Late last week, California lawmakers passed A.B.134, a bill that earmarks $900 million in funding from the state budget to support various clean transportation, clean air, and alternative fuel initiatives.
The state assembly voted 58-19 in favor of the measure, while the state senate voted 28-9 in the affirmative. On Sat., Sep. 16, California Gov. Jerry Brown approved the bill.
Bill Magavern, policy director for the Coalition for Clean Air, noted that the so-called California Clean Air Initiative is the “largest-ever single-year commitment of funding devoted to reducing air pollution in our state.”
“This summer’s high smog levels remind us that this kind of commitment will be necessary for many years, and this budget bill is an excellent down payment,” he said.
Central to the bill is up to $140 million for the state’s Clean Vehicle Rebate Project, along with up to $100 million for the Enhanced Fleet Modernization Program and Plus-Up Pilot Project, the replacement of school buses, Clean Vehicle Rebate Project rebates specifically for low-income applicants, and light-duty equity pilot projects.

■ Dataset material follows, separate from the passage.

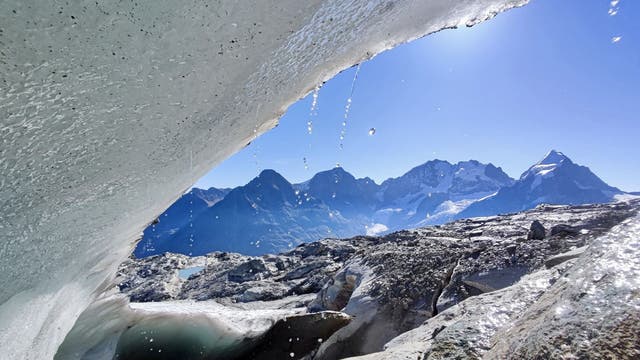 Kleiner Gletscher Vadret dal Murtèl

Another $180 million will fund the state’s Hybrid and Zero-Emission Truck and Bus Voucher Incentive Project (HVIP), which steers point-of-sale incentive dollars toward the purchase of vehicles that use electric, fuel cell and ultra low-NOx natural gas technologies.

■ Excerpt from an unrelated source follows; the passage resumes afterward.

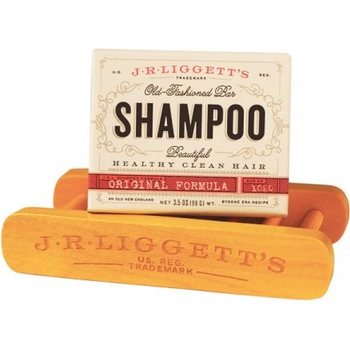 J.R. Liggett Wooden Shampoo Shelf w/ 2 Original Bars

Also, additional funding of up to $250 million will be directed to the state’s air quality management and air pollution control districts through the Carl Moyer Memorial Air Quality Standards Attainment Program – an initiative implemented in 1998 that provides grant funding to help fleets and individuals switch to cleaner trucks, school buses, transit buses and other vehicles.
Thomas Lawson, president of the California Natural Gas Vehicle Coalition, said that the bill will “replace dirty diesel engines with cleaner-burning natural gas engines that will directly result in reducing greenhouse-gas emissions and the reduction of smog-forming pollutants.”

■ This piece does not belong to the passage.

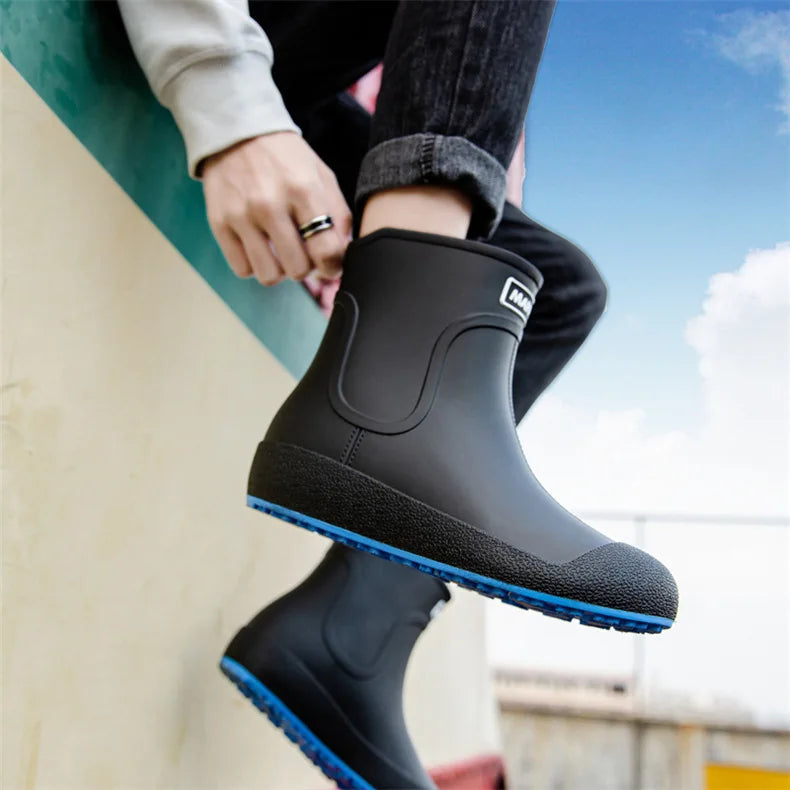 Nordspur | Novelio Halbhohe Regenstiefel Mit Profilierter Sohle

“A.B.134 takes $900 million of funds derived from auctioning off carbon allowances and puts it into incentives for reducing emissions from cars, trucks, buses and other engines,” he said.
State Sen. Ricardo Lara, who was among the lawmakers leading the charge for this level of funding for clean air initiatives, noted that California cities are “making tremendous progress” toward a cleaner, more sustainable future for the state.
“I represent the nation’s second-busiest port and truck corridor in Long Beach and southeast Los Angeles, and pollution from dirty trucks and buses is one of the largest sources of greenhouse gas emissions,” he remarked.
“The California Clean Air Initiative will allow us to invest in low-carbon vehicles and agricultural equipment, as well as clean freight equipment at our ports – and continue to lead the world.”